Il cattolicesimo «evangelico» per Weigel è quello dove la Chiesa non «fa» missione come una delle sue tante attività, ma «è» missione, costante sforzo di andare a parlare a chi non va mai in chiesa. I progressisti e i tradizionalisti – termine, quest’ultimo, con il quale Weigel si riferisce in particolare ai seguaci di mons. Marcel Lefebvre (1905-1991) – sbagliano entrambi perché sono fermi al modello della Contro-Riforma e ragionano «come se» la Chiesa in Occidente potesse ancora limitarsi a gestire i suoi pochi e declinanti fedeli, irrigidendo oppure diluendo il suo messaggio.

Già Joseph Ratzinger opponeva a «progressista» e a «conservatore» la categoria di una Chiesa «missionaria». E questo per Weigel era anche il vero messaggio del Concilio Ecumenico Vaticano II, a lungo frainteso, ma che trovava un modello di applicazione corretta nell’episcopato del cardinale Wojtyla a Cracovia e nel libro derivato da quell’esperienza, «Alle fonti del rinnovamento».

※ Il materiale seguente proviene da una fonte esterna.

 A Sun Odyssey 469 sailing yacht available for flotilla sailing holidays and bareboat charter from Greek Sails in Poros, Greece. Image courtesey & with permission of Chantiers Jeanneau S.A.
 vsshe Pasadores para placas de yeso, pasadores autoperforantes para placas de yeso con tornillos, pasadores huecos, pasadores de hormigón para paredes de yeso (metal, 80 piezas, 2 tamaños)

Il programma di riforma proposto da Weigel deriva tutto da questo primato della missione. Scegliendo vescovi, liturgie, seminaristi, preti, modelli della Curia romana la domanda dovrebbe essere sempre se la scelta favorisce non la gestione, ma la missione, non il girare in tondo autoreferenziale in tristi comunità di fedeli che dibattono sempre sulle stesse cose, ma la capacità di «uscire» e andare a cercare le maggioranze che in chiesa non vanno più.
Si tratta, come si vede, di temi già ampiamente presenti nelle prime settimane di Magistero di Papa Francesco.

E Weigel lo spiega bene: non serve alla missione diluire il messaggio. Le comunità protestanti storiche che si sono adattate al «mondo» su temi come l’aborto, l’omosessualità, la disciplina stanno chiudendo bottega. Gli «evangelici» che convertono e prosperano invece sui temi morali sono spesso più rigidi dei cattolici.
Ultimamente, però, non è la rigidità che converte. È l’annuncio gioioso e convinto del Cristo crocefisso, la proposta a tutti e a ciascuno di un incontro personale con il Signore. Sono formule forse un po’ «americane». Ma sono anche una sfida all’Europa.